I agree that the tokeniser shouldn't be doing text normalisation,
but it
was, and fixing it could cause more pain than leaving things as
they are,
oh, i just moved the normalisation to normalize-punctuation.perl. It
was a pain
https://github.com/moses-smt/mosesdecoder/commit/19d7c44aad1d1b06b884833cc3a7b0e14d2a6c36
https://github.com/moses-smt/mosesdecoder/commit/30e31d4a95713cd5340941b15d566f09b3b1a2d7
Lets see what happens!
cheers - Barry
On 16/01/15 15:07, Ondrej Bojar wrote:
> Hi, Christian,
>
> when the scripts directory of moses was first created back in
2006, we had the same issues with versioning. At that point, I
created the (ugly) need 'install' the scripts, mainly to provide
all of them with a version number. Fortunately, we now got rid of
this and the scripts are meant to be used rightaway after checkout.
>
> I'm saying this just to point out that there is probably no
ideal way of keeping up to date and yet ensuring compatibility for
existing models with toolkits as complex as moses is.
>
> For this, I use my eman, an experiment manager where even moses
toolkit itself is something timestamped. So I have a a couple of
moses checkouts, timestamped, and my models depend on one of them.
Moving to a fresher moses checkout is easy (a new timestamped
directory gets created), but requires to redo all the models
(well, eman does this for me, so it's just waste of computer space
and time, not mine).
>
> Cheers, O.
>
> ----- Original Message -----
>> From: "Christian Hardmeier" <[email protected] <mailto:[email protected]>>
>> To: "Hieu Hoang" <[email protected] <mailto:[email protected]>>
>> Cc: "Tom Hoar" <[email protected]
<mailto:[email protected]>>, "moses-support
support" <[email protected] <mailto:[email protected]>>
>> Sent: Friday, 16 January, 2015 15:26:15
>> Subject: Re: [Moses-support] Legacy tokenizer.perl functionality.

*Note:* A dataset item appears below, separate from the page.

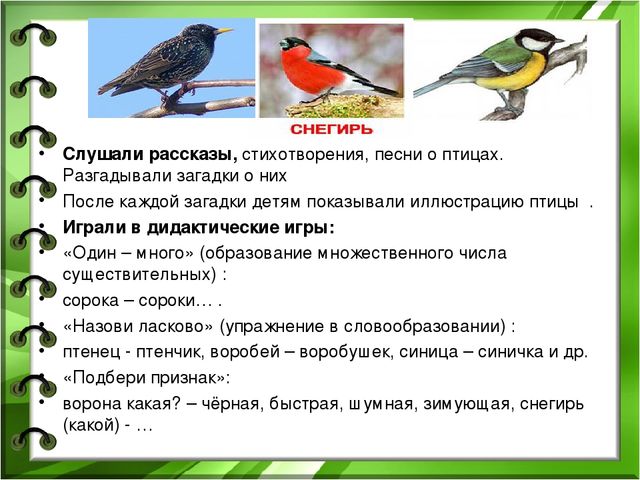 Презентация к проекту "Здравствуйте птицы" младшая разновозрастная группа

>> On Jan 16, 2015, at 12:46 PM, Hieu Hoang wrote:
>>
>>> i think it's too difficult to police.
>> You'd probably need a regression test that checks if the
tokenised output is
>> still the same so changes don't go unnoticed. But of course
it's still some
>> extra work.
>>
>>> Another idea is to get the script to md5 its own source code,
and the non-prefix
>>> files it uses.
>> That would definitely be better than nothing, even though it
would raise false
>> alarms from time to time.
>>
>>> On 16/01/15 11:12, Christian Hardmeier wrote:
>>>> On Jan 16, 2015, at 11:51 AM, Tom Hoar wrote:
>>>>
>>>>> I agree with versioning. Could be added to the command line.
>>>>>
>>>>> Also agree that this proposed change qualifies as a version
change.
>>>>>
>>>>> How to you propose managing the issue of output changes due to
>>>>> command-line switches, like -no-escape?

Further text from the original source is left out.